Hommage à Grand-mère Elise et Sa Salade Verte
Born in 1901, Grammie Couture lived over 101 years. She was the family matriarch, the friend we all turned to when our lives tipped over.
Although deeply religious, Grammie bore no judgments. We could count on her unqualified love and understanding. She forbore any comment about my departure from the Catholic Church at 18, my three marriages, and she was always there for my children and former wives.
For much of her life, our own mother, Cynthia, battled her addictive demons and would often retire to her bedroom for weeks at a time.
Grammie would “drop by” with a casserole and spend a bit of time tidying up in Mom’s absence. Her signature dish and our childhood favorite we called “Cheez-Whiz Broccoli.” It could be prepared in a flash by stirring together a box of Minute Rice, a jar of Cheez-Whiz, and a bag of frozen broccoli florets. (Combine all ingredients in a casserole dish, stir gently, and bake for 20 minutes at 350.)
The ‘50s and ‘60s began the market decline of fresh food and the birth of the industrial food age. TV advertising convinced us that frozen and canned vegetables were superior to the fresh produce available locally. Spam, Velveeta, Junket, Cap’n Crunch cereal, and Tang became staples as did “Bunny Bread” and oleomargarine, the white bars of which came with a small bladder of reddish dye to be blended in to make it look like butter, even though it never tasted like butter.
I remember going into Patch’s Market with a grocery list from Dad. “Half a pound of cheese, sir,” I intoned to Mr. Patch. “White or yellow?” he answered, even as a large wheel of Vermont cheddar sat atop the meat case under a glass cloche.
On the first Sunday of each month after ten o’clock Mass at Holy Family Church in Morrisville, we’d gather around Grammie’s dining room table for Sunday dinner. It was an enduring ritual until one Sunday, sporting a blue-black bruise around her left eye, Grammie announced she could no longer live alone and charged Claire with finding her a retirement home.
For a decade leading up to her moving out of her apartment, we’d parade into her house dressed in our church finery and encounter the smell of her signature pork roast sizzling in her new electric oven. Her large farm table displayed her best porcelain China and starched linen. The protocols of serving and consuming Sunday dinner matched those that my brother and I, both altar boys, were familiar with serving mass, all very formal.
Dad would process in bearing the large ironstone platter of charred pork and mint jelly. Grammie had grown up with a fear of trichinosis, so pork was routinely charred to ensure the elimination of any parasites. Grammie would bring in a smaller platter of roast potatoes and one of us kids would bring the bowl of canned green beans and another the saucer of bread and the butter dish.
Dad would slice the pork and Grammie would serve the potatoes and beans, passing to each of us a full plate.
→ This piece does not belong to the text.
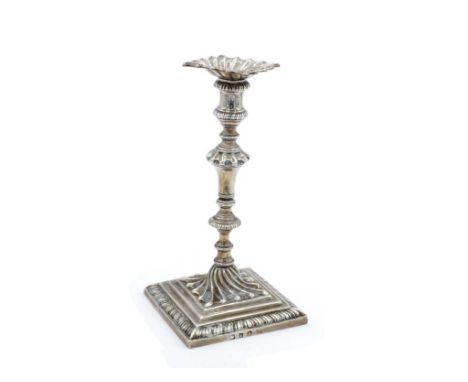 Early George III silver taper candlestick Marked London Daniel Smith &amp; Robert Sharp 1761. Approx length 17cm, monogrammed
If Mom was sentient, she would be at the dinner table with us.
Still a toddler, Claire would sneak a small slab of butter and slip it in her mouth like fudge.
This Sunday dinner tradition continued for almost two decades.
One year, when Mike and I were in our teens, Mike asked Grammie if she ever made green salad.
“No,” she answered abruptly. “I ’ave a ’iatal ’ernia and dem leaves gets caught in my t’roat.” That ended the salad conversation we thought.
The following month, the family trouped in for Sunday dinner expecting the regular menu. But then to our surprise, Grammie returned to the kitchen and came out bearing a dinner plate featuring a quivering dome of green Jell-O in which were suspended canned mandarin orange sections, miniature marshmallows, walnuts, and multi-colored M and M’s.
“You like da green salad, so I made one. Eat it up!”
We all just stared at the green quivering mass.